Submission deadline: May 15, 2015

Conference date(s):
September 1, 2015 - September 3, 2015

Go to the conference's page

Conference Venue:

MANCEPT
Manchester, United Kingdom

Topic areas

Details

In this workshop, we'll bring together experts and young scholars working in the field of population ethics. The event is to take place from September 1-3, 2015 as a part of the MANCEPT Workshops on Political Theory. The conference will aim to cover five distinct, but related themes in population ethics. (However, these may be subject to change given the content, variability, and quality of the abstracts received.) The provisional five themes are as follows:

I) The Ethics of Causing to Exist: How should we act when the outcome of our actions may affect the identities of who exists? Can our actions harm merely possible people? Is there a moral asymmetry between possible people with positive or negative welfare such that there is no reason to bring about the former, but there is a reason to not bring about the latter?

II) How the Numbers Count: How should we take account of numbers in our population theory? Are non-additive approaches to aggregation plausible? Can we avoid the Repugnant Conclusion without incurring even more counter-intuitive conclusions?

III) Egalitarianism, Prioritarianism, and Other Non-Welfarist Goods: Can we account for egalitarian concerns in our population ethics? Are prioritarain views more or less plausible than there egalitarian cousins? Can either family of theories be extended to adequately account for different sized populations? How could we account for other goods such as perfection, or “the best things in life”?

IV) Revising the Good: Do the problems of populations ethics point to a need to revise our understanding of value itself? Could 'better than' be Non-Transitive? Are there 'imprecise' value relations such as parity? Are some populations lexically superior to others? What are the prospect for any such revision helping with the problems of population ethics?
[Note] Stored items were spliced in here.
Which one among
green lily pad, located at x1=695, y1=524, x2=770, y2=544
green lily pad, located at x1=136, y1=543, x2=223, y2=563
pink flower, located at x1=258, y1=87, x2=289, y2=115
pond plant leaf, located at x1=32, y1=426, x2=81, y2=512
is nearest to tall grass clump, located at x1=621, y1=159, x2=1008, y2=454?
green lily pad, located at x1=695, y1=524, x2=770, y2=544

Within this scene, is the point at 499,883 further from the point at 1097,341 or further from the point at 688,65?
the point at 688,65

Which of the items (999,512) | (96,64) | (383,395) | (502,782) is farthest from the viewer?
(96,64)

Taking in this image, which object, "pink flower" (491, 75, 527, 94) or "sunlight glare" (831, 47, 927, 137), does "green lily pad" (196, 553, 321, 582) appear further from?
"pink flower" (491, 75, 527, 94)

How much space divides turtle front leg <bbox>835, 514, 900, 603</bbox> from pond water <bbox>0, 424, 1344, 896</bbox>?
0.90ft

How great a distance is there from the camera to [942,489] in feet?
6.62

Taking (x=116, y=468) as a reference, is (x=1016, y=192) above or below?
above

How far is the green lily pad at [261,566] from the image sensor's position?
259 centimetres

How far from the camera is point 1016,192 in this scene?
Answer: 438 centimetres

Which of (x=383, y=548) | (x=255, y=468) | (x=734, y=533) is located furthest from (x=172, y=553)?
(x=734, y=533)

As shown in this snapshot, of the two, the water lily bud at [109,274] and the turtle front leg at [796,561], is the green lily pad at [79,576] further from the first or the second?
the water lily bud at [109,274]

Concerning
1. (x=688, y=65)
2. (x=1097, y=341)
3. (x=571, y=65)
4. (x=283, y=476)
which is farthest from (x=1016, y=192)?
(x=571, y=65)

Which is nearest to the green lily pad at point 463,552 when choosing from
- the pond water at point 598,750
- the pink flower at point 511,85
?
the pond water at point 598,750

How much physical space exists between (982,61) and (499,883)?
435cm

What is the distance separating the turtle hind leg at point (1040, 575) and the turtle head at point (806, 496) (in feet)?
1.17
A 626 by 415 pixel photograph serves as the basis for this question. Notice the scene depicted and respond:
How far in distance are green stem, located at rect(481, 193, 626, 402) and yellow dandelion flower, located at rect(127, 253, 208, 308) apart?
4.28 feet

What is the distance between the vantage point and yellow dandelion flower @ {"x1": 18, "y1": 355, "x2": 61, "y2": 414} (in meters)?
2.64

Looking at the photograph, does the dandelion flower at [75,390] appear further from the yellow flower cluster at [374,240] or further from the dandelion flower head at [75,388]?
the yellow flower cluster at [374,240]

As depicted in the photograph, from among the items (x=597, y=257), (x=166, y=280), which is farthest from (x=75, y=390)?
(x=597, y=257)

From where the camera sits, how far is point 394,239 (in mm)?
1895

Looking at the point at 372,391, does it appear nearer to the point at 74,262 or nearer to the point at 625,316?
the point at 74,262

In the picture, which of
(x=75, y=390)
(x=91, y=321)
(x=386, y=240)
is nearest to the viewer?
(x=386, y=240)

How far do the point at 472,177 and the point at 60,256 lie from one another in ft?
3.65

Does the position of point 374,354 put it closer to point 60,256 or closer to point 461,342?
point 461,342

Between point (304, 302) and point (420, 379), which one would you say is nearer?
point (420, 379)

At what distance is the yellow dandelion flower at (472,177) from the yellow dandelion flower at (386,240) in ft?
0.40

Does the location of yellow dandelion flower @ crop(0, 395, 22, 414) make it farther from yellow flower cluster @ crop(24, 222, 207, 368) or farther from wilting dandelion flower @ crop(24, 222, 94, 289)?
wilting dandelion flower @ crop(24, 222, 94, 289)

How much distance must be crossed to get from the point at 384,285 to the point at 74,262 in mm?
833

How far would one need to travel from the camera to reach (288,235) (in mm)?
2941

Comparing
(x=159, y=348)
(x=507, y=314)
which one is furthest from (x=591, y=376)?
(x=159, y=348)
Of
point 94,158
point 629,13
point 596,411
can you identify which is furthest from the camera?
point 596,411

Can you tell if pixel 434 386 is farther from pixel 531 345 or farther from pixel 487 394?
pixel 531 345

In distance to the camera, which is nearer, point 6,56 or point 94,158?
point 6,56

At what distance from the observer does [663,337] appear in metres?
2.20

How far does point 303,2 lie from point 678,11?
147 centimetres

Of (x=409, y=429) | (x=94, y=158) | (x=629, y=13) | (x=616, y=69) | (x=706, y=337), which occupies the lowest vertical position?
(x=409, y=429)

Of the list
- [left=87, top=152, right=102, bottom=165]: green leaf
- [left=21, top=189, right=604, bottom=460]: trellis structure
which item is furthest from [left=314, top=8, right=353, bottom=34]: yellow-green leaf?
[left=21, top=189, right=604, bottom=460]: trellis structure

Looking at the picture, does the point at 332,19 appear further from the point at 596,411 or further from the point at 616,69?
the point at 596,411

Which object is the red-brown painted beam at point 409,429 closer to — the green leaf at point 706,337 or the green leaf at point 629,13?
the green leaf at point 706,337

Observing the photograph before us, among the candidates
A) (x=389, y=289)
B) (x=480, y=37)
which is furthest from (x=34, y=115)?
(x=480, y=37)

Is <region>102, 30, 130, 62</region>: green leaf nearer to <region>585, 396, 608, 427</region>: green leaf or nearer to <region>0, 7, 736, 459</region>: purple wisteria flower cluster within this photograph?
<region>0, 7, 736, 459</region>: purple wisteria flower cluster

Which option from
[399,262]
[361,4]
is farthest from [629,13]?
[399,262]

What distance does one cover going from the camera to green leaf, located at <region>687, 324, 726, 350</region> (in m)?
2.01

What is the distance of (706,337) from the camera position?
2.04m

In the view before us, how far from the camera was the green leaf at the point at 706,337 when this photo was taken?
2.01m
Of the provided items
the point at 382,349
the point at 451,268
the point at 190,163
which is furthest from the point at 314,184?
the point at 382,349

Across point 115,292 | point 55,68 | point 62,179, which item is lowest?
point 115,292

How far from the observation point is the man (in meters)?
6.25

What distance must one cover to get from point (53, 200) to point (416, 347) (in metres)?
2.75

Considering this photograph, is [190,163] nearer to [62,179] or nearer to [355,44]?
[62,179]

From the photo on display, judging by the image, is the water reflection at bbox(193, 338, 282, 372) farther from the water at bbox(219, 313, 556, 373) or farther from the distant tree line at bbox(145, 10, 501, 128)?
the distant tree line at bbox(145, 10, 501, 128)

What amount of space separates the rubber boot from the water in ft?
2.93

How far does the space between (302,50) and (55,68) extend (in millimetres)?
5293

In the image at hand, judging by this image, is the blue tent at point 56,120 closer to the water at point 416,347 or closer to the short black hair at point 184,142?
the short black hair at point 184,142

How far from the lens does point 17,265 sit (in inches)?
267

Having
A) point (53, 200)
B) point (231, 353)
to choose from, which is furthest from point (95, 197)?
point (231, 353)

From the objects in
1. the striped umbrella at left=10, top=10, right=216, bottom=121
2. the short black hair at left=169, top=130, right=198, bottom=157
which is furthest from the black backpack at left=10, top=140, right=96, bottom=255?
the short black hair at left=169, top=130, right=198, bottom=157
V) Applied Ethics and Future Generations: How are debates in population ethics relevant to environmental ethics or to issues of existential risk? How should these problems be accounted for by policy makers? Can we answer the questions of these domains without first finding answers in population ethics?


Submission Guidelines

Send an abstract of up to 1,000 words to [email protected] no later than May 15, 2015. The abstract should be prepared for blind review. In your email, please state your name and affiliation as well as whether you'd be interested in being a respondent in one of the sessions. Final decisions will be made by June 15, 2015.